*** EXERCISE DATA ***

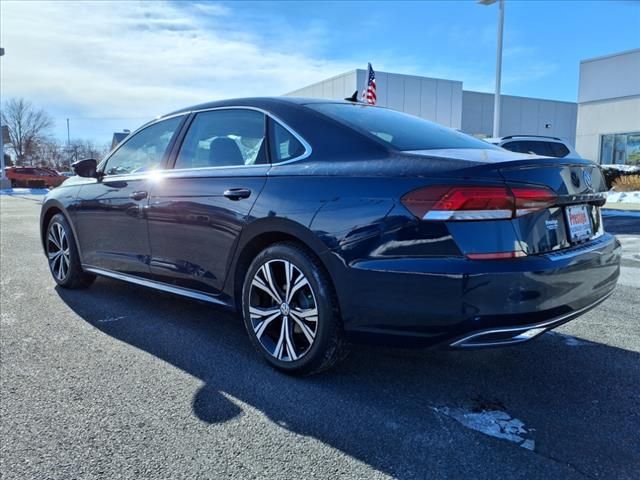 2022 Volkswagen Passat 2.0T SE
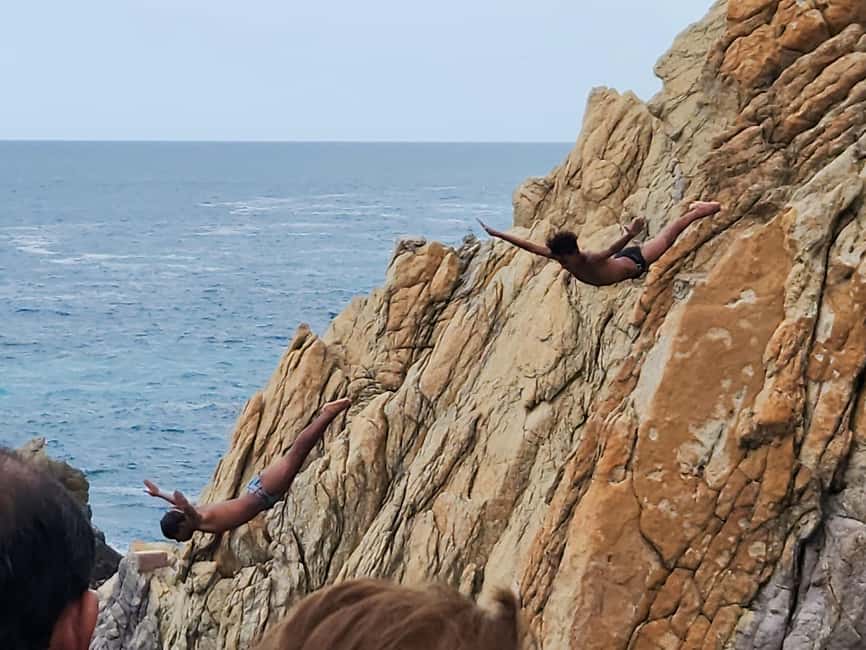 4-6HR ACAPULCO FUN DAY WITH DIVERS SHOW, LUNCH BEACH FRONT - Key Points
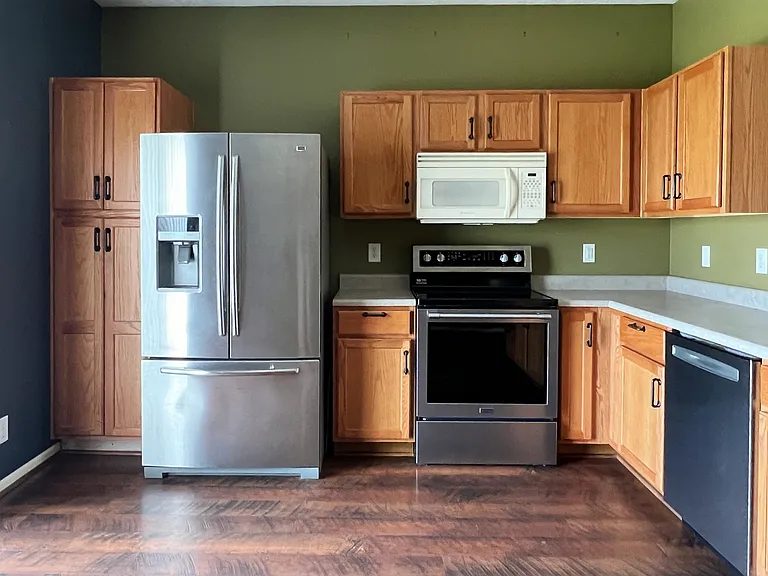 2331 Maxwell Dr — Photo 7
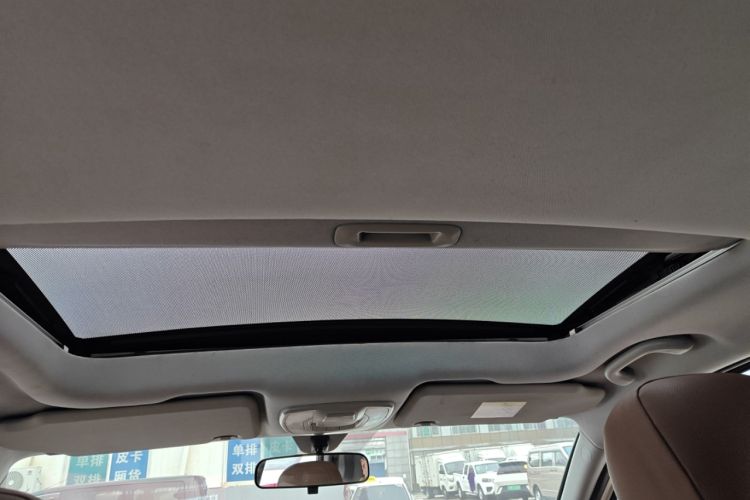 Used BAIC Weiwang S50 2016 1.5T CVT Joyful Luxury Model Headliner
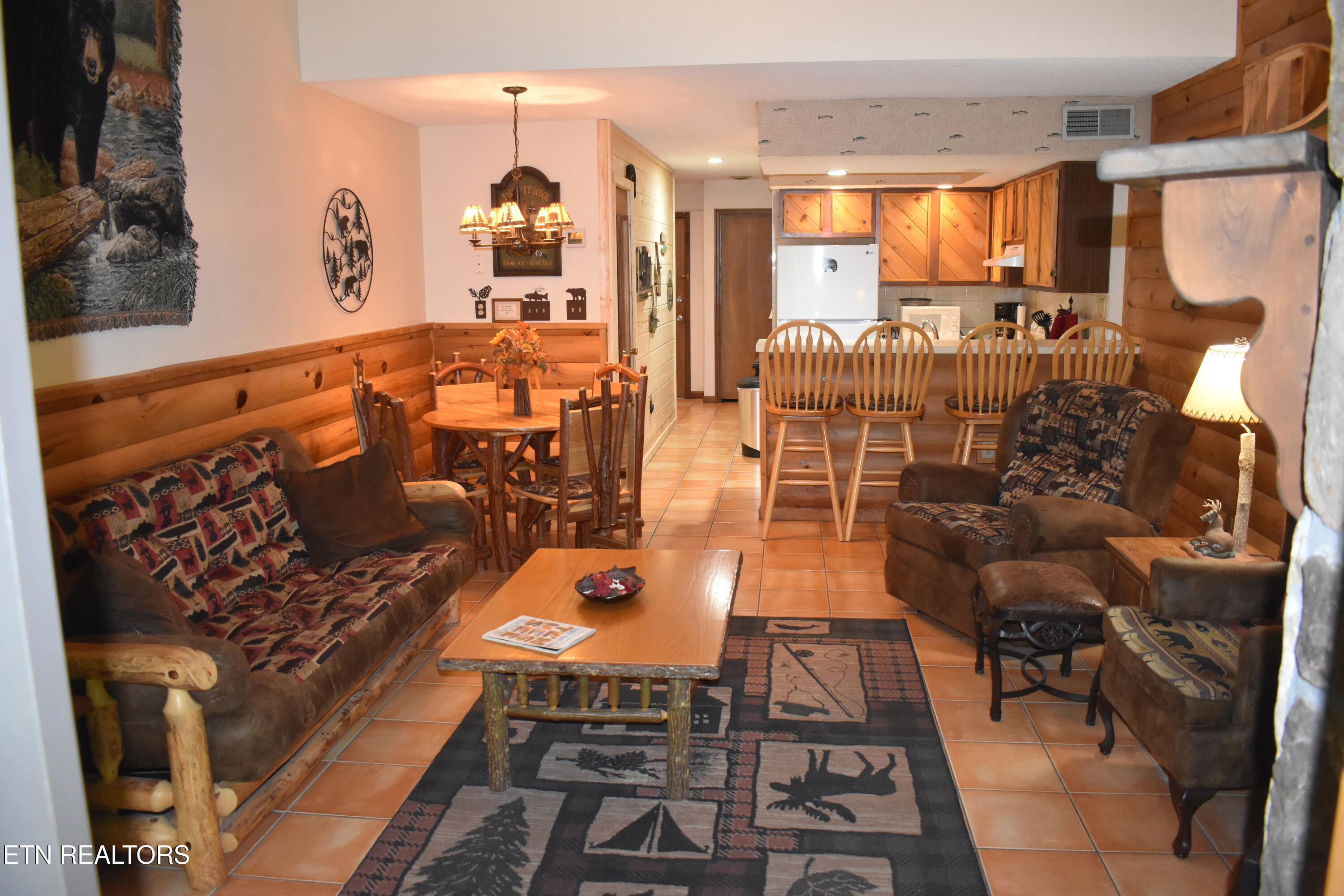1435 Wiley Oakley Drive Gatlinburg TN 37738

*** End of EXERCISE DATA ***
*** EXERCISE DATA ***

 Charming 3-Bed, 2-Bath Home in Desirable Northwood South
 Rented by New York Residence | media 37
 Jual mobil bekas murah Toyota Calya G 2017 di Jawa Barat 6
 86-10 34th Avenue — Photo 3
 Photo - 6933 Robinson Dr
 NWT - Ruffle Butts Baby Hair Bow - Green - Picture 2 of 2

*** End of EXERCISE DATA ***

» **TASK DIRECTIONS**
Reproduce the data above exactly, but only the lines from the one showing "Used BAIC Weiwang" through the one showing "1435 Wiley Oakley Drive Gatlinburg TN 37738", with both ends kept and the pictures left out.

» **WRITTEN ANSWER**
 Used BAIC Weiwang S50 2016 1.5T CVT Joyful Luxury Model Headliner
1435 Wiley Oakley Drive Gatlinburg TN 37738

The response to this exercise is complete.